Second, God has never seen some people as holy and others as profane. God has never seen some people as clean and some as unclean. Rabbi Jonathan Sacks in his book, Not in God’s Name, writes that God has shown particular love for God’s chosen people, the Jews, in a way that does not negate love for other groups of people. God loves all people while granting specific missions of love to particular groups of people. God loves us because love invites us into a relationship with the God of our understanding. The prophets in the Hebrew bible proclaimed Jesus’ message before he ever arrived on earth: God wants our hearts not our ritual and sacrifice. Christianity is about cultivating a heart devotion for God that is so deep that we love our enemies and pray for those who persecute us. Christians have a specific mission of love and so do every religious tradition.

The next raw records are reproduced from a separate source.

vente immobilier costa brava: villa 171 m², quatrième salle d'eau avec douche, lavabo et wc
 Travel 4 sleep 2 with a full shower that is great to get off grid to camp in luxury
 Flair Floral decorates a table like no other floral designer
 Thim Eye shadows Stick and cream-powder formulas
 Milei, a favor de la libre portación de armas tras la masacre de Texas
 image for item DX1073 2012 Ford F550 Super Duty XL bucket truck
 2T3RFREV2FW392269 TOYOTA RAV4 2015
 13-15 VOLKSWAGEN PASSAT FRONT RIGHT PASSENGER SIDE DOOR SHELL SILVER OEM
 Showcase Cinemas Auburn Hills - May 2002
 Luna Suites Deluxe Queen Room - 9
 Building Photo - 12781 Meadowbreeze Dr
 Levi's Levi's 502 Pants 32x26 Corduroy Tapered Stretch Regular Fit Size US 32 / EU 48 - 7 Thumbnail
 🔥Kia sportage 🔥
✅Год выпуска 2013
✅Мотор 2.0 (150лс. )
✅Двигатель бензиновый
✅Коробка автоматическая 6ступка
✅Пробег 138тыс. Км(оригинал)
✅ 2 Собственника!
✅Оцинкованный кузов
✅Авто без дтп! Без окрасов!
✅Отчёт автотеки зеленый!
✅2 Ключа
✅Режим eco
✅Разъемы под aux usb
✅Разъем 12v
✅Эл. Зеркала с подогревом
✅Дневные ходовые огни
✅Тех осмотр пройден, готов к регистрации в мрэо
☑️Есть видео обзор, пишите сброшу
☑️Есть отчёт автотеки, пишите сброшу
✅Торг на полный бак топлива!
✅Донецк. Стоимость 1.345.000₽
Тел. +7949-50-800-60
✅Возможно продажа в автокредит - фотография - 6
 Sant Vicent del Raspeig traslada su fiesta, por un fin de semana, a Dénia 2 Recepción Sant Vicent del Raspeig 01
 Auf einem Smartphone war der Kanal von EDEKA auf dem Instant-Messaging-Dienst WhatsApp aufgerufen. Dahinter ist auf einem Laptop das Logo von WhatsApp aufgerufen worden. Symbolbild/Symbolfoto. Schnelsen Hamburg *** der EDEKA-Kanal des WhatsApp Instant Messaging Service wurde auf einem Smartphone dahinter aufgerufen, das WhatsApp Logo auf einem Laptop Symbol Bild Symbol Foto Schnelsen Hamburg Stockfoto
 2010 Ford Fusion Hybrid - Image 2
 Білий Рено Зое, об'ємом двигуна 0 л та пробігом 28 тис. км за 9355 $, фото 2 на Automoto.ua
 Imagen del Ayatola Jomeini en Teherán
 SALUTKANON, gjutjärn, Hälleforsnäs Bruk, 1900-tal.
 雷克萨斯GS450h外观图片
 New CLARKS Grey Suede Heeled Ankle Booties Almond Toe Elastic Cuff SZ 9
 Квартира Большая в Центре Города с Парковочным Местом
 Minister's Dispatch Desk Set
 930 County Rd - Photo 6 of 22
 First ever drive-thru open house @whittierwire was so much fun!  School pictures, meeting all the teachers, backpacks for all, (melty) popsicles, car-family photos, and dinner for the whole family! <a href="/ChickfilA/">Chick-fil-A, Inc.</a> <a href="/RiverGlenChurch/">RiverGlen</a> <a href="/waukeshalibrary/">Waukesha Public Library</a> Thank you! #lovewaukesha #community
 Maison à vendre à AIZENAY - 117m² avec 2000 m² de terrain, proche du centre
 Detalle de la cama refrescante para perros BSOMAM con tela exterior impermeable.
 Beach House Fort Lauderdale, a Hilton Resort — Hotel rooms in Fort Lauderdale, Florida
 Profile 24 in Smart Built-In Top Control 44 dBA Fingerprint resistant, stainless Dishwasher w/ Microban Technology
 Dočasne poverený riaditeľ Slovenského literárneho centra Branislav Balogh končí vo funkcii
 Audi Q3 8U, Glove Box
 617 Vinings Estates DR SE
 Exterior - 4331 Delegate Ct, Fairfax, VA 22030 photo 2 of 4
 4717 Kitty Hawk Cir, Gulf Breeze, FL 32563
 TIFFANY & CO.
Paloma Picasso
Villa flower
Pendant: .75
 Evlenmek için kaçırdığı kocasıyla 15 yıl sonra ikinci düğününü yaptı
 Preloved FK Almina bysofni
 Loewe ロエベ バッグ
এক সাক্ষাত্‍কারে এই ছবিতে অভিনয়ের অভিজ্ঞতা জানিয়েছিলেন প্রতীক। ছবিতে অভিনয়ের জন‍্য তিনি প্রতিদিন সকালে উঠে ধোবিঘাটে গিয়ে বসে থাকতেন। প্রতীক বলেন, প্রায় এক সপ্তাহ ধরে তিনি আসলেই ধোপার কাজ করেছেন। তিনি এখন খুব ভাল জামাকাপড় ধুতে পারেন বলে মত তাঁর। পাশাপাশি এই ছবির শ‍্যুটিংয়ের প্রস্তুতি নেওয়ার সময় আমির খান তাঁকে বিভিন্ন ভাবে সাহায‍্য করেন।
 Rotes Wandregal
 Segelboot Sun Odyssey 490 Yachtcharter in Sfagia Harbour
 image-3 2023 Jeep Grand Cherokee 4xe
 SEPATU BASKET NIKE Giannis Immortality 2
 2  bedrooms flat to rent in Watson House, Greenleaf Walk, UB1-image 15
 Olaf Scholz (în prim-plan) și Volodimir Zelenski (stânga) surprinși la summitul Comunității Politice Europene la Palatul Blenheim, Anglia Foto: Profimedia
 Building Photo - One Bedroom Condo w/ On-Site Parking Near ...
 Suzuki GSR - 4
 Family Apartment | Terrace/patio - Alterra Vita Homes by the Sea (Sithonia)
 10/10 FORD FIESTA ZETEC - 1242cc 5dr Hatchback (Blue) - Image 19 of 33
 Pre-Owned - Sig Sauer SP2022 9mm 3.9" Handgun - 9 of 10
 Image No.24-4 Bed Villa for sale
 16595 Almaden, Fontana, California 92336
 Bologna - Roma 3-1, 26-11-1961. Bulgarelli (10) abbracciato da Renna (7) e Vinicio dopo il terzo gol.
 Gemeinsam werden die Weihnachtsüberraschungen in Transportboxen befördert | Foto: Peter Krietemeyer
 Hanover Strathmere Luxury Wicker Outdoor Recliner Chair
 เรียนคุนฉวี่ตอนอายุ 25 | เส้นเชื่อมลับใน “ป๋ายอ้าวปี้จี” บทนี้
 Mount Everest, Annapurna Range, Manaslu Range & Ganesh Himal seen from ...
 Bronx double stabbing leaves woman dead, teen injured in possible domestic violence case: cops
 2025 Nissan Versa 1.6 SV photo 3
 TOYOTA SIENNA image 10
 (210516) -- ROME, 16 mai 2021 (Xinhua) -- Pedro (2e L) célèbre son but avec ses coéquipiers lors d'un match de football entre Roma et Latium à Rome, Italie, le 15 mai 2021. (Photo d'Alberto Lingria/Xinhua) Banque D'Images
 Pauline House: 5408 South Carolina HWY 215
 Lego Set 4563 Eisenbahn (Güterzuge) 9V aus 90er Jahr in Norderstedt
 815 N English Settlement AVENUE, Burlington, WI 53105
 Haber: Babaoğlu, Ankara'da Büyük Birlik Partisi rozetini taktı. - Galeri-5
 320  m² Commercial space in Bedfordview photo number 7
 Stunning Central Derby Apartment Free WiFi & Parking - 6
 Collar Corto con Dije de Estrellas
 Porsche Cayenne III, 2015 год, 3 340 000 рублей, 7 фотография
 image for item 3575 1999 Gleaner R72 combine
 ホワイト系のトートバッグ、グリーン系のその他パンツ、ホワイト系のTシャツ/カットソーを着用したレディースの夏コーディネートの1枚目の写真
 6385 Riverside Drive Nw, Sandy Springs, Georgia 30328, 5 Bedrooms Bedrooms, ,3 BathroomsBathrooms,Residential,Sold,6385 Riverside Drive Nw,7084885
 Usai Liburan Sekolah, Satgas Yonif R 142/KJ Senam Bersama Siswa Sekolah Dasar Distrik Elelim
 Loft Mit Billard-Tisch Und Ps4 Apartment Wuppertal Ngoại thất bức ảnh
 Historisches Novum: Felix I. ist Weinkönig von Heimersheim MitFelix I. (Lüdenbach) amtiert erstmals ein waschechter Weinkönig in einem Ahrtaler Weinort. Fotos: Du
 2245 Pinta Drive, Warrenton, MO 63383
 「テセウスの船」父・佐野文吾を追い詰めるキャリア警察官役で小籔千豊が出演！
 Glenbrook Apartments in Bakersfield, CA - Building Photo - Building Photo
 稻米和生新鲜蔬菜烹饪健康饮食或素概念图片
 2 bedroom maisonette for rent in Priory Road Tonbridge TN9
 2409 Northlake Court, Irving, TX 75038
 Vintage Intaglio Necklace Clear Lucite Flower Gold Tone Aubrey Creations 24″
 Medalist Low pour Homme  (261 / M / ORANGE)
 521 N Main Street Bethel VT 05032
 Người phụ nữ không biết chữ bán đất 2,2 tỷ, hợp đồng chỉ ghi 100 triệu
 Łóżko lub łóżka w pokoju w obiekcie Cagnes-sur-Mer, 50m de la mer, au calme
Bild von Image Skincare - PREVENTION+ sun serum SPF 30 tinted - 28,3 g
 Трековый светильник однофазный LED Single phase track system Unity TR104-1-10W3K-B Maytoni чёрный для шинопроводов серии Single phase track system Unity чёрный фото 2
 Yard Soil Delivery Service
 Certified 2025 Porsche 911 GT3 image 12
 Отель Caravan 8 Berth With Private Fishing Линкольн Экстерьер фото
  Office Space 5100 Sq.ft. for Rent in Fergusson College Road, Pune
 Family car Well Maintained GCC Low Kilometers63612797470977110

So, God is love and God is inclusive. Steven Shakespeare and Hugh Rayment-Pickard in their book, The Inclusive God, write, “The inclusiveness of God refers to her nature, rather than to one of her characteristics. It’s one thing to say God is ‘all-loving’, but something rather different to say ‘God is love’: the first statement posits an attribute, the second asserts identity. Love isn’t something God possesses along with lots of other things-it’s who she is. So with inclusion: God is inclusive.” (103)
Christians have forgotten God’s nature, the message of Jesus, and instead claimed an exclusive relationship with God who is not only in a special relationship with Christians, but does not offer relationship to those outside of the Christian tradition. We have staked our claim on God and everlasting life instead of embracing what is would mean to be like God: loving and inclusive.
We forgot that the reason for the season was you no matter how you locate yourself on the religious/nonreligious landscape.
Jesus’ message is that God is in you and God is beyond you. God is the wisdom that guides you and the longing you feel to be fully loved and this longing brings you back to the discovery that God has never left you, but is the Love you find deep within.
Teresa of Avila writes, “The important thing is not to think much, but to love much, and so to do whatever best awakens you to love.”
This holiday season, may you do whatever best awakens you to Love!